GPU Computing¶
Exasim supports GPU execution through installed CUDA and HIP package variants and generated Kokkos-style model kernels. GPU execution is most effective when the simulation performs substantial element-local work per byte transferred.
Execution Model¶
The backend allocates runtime arrays through backend-aware allocation helpers and keeps large solution, residual, mesh, and temporary arrays resident on the active backend when possible. Generated model functions provide Kokkos-prefixed callbacks such as flux, source, boundary, output, QoI, and visualization kernels.
flowchart LR
HOST["host setup<br/>datain/*.bin"] --> COPY["copy to backend memory"]
COPY --> KERNELS["element / face / model kernels"]
KERNELS --> BLAS["cuBLAS / hipBLAS / backend BLAS"]
BLAS --> SOLVE["Newton-GMRES"]
SOLVE --> OUTPUT["copy/write selected outputs"]
CUDA And HIP¶
The installed Exasim package exports CPU and GPU library variants. CUDA builds target NVIDIA GPUs; HIP builds target AMD GPUs. The selected executable links to the matching library target and uses the compiler/runtime for that backend.
What Should Stay On The GPU¶
For performance, the following should remain backend-resident during a solve:
- solution arrays (
udg,wdg,uh, and related work arrays); - residual and Krylov vectors;
- element and face geometry data;
- local matrix blocks for HDG;
- preconditioner storage;
- generated model-kernel input/output arrays.
Host-device transfers should occur at setup, output, restart/postprocessing, or explicit parameter updates, not inside every quadrature or element loop.
LDG On GPUs¶
LDG matrix-free GMRES repeatedly evaluates residuals and matrix-vector products.

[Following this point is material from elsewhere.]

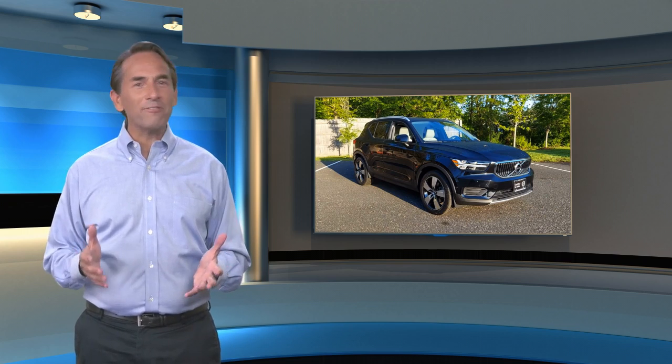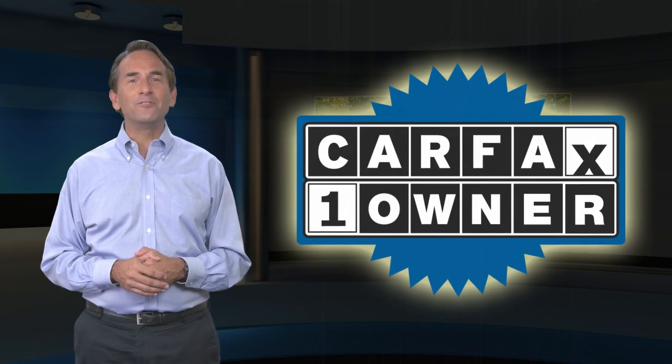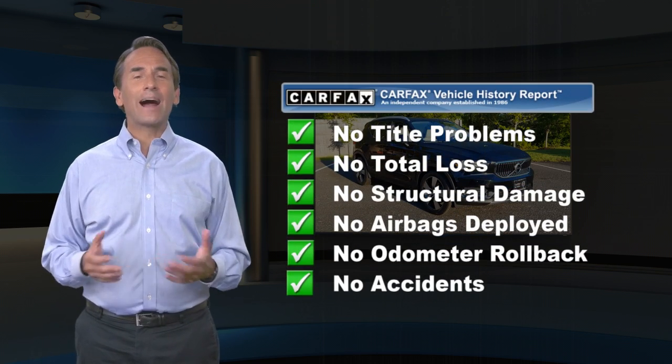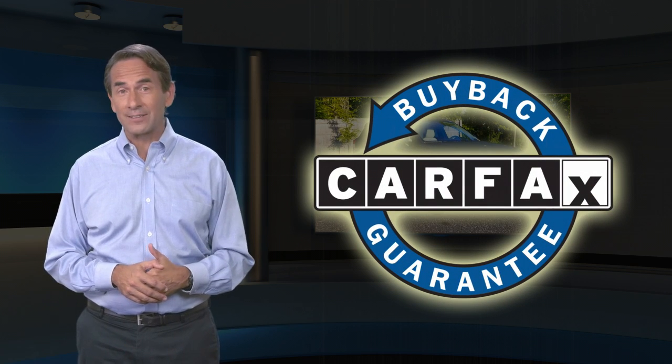Feel confident in this Carfax verified one owner vehicle with a Carfax Vehicle History Report. Find this complimentary Carfax Vehicle History Report online or contact the dealership. This vehicle qualifies for the Carfax Buyback Guarantee.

This is GPU-friendly when residual kernels are sufficiently arithmetic-heavy, but performance can suffer if residual differencing introduces many small kernel launches or synchronization points.
HDG On GPUs¶
HDG performs more local matrix work and trace-system operations. It can achieve high arithmetic intensity in local element kernels and dense linear algebra, but memory use for element matrices and preconditioner blocks must be monitored.
Performance Guidance¶
- Increase polynomial order only when the extra arithmetic improves accuracy or amortizes memory movement.
- Avoid frequent output in GPU runs; writing requires host-visible data.
- Compare CPU and GPU residual histories for small cases before trusting a new GPU model.
- For parameter sweeps, ensure each case updates both host-side and device-side physics parameters.
- Use backend-specific profilers such as Nsight Systems/Compute or
rocprofwhen investigating performance.
Correctness Guidance¶
GPU bugs often appear as stale data or backend mismatch rather than arithmetic errors. Check:
- all case-dependent parameters are copied to device memory;
- initialization callbacks run after parameter updates when required;
- output buffers are copied back before file writes;
- CUDA/HIP executable is linked against the matching Exasim package variant;
- MPI rank-to-GPU mapping is correct on multi-GPU systems.